Originally Posted by *BelgianSheepDog* 
Not likely to work unless your body is already ready. 37 weeks is really early, too, could be risky if your dates aren't 100%.

I should have said I wouldn't try acupuncture or any of that kind of stuff until a few days or perhaps a week prior to my EDD as from what I've read online, it seems to work fairly quickly if dilation and effacement have already started.
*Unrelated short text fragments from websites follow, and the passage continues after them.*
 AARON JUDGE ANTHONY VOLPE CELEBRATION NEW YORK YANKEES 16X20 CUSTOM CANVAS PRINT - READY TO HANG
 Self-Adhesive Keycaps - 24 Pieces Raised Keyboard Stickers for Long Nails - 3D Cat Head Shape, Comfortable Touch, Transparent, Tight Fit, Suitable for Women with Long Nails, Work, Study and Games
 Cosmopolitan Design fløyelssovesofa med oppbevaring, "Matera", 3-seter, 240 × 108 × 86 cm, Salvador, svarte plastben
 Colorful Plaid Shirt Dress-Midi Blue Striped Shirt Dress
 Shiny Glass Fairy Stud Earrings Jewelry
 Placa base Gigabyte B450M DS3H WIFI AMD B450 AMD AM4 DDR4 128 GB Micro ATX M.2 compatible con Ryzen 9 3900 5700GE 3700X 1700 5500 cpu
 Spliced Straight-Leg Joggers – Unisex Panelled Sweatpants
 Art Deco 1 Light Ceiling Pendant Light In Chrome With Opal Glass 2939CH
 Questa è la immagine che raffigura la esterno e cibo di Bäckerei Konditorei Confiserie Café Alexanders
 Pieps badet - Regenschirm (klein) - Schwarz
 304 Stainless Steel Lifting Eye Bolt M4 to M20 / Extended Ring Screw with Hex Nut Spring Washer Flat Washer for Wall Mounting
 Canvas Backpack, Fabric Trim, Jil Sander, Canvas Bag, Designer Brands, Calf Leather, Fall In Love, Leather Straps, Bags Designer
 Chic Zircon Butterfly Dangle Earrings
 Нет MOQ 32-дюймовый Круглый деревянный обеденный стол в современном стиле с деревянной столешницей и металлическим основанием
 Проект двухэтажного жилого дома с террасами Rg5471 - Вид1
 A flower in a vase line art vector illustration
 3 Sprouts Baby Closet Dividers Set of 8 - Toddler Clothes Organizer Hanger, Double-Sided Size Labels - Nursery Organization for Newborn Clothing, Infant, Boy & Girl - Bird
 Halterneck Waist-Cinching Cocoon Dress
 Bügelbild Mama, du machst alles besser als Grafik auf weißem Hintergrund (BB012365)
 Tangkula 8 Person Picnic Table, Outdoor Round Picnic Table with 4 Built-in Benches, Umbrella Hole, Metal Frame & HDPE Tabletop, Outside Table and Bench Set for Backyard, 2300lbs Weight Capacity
My dates are pretty accurate. I know when I ovulated because I was under the care of an RE and tracking everything really closely plus 4 ultrasounds have confirmed it.


----------



## mwherbs (Oct 24, 2004)

so we have had client use both or either one and also moxa- and have had hit and miss results-- one client who was at her due date, ROM for >24 hrs and the moxa brought on a few good contractions lasting 1-1 1/2 5 min apart- but if we weren't stimulating the points the contractions spaced out and went away-
there are other things I have known people to do to prepare for labor like take a 5 week formula- or use EPO caps vaginally for the last 4 weeks to help ripen the cervix-- sex, plenty of sexual stimulation and contact with sperm adds prostaglandins-- it is best advised to stay pregnant until the kido is ready- dating can easily be off 1-2 weeks or more depending on what you are using to date a pregnancy-and really no matter the dates babies have a way of growing at their own pace.


----------



## Isamama (May 2, 2006)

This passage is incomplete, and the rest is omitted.